# Aim of the exercise
Copy out exactly the lines spanning the line with "Spring Valley - Glucosamin" to the line with "Cut Crystal Divided", inclusive, from the data underneath, with no pictures.

Start of Stored data

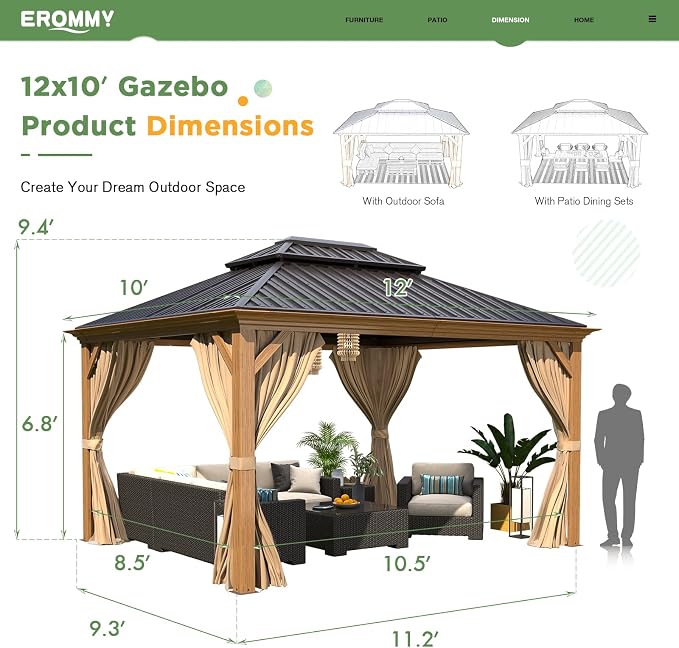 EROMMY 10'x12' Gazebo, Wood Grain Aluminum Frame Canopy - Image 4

End of Stored data
Start of Stored data

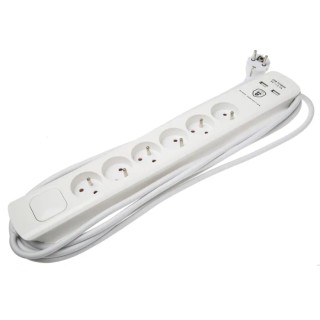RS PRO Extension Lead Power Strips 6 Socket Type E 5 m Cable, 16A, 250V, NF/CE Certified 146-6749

End of Stored data
Start of Stored data

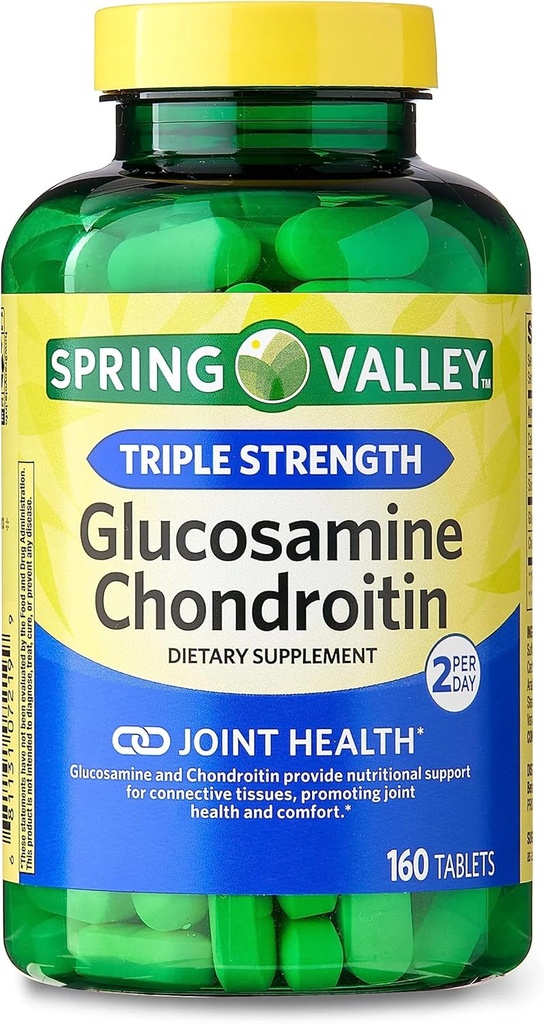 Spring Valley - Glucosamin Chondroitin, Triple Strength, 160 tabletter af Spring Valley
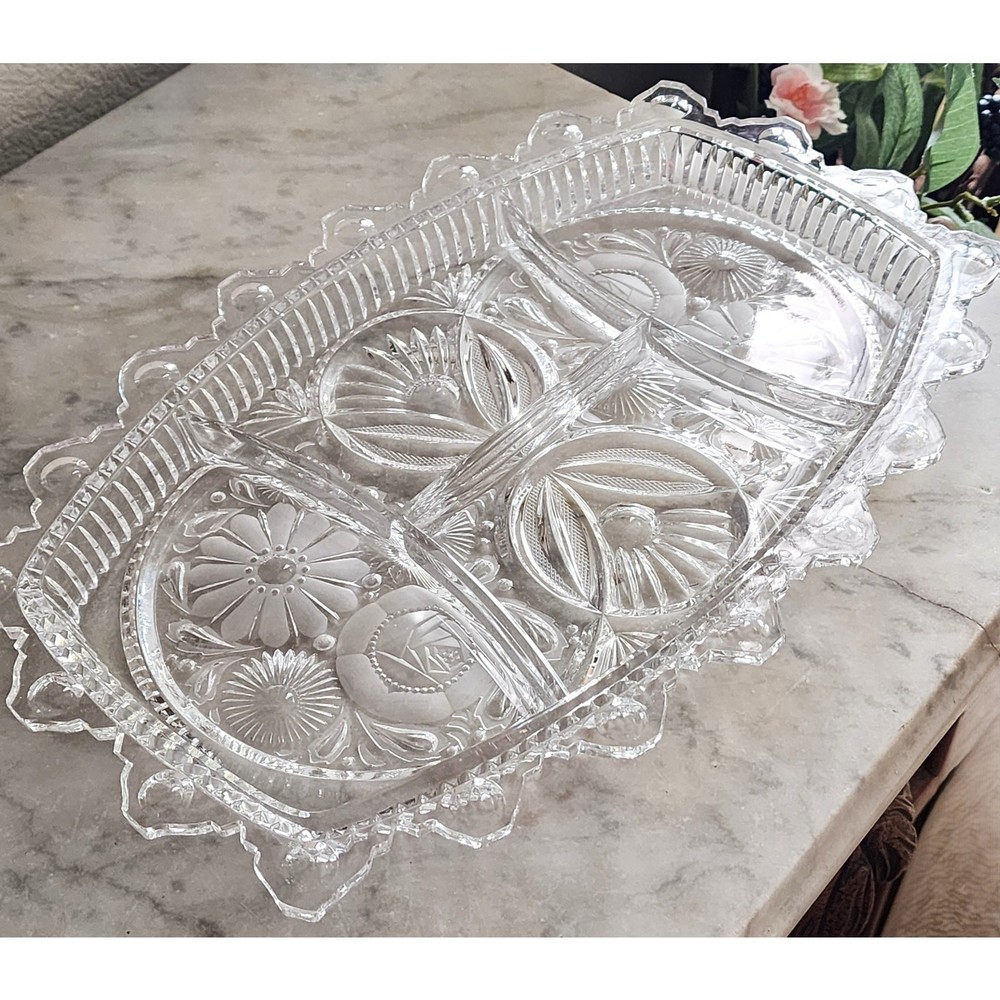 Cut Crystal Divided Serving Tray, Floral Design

End of Stored data

# Task output
 Spring Valley - Glucosamin Chondroitin, Triple Strength, 160 tabletter af Spring Valley
 Cut Crystal Divided Serving Tray, Floral Design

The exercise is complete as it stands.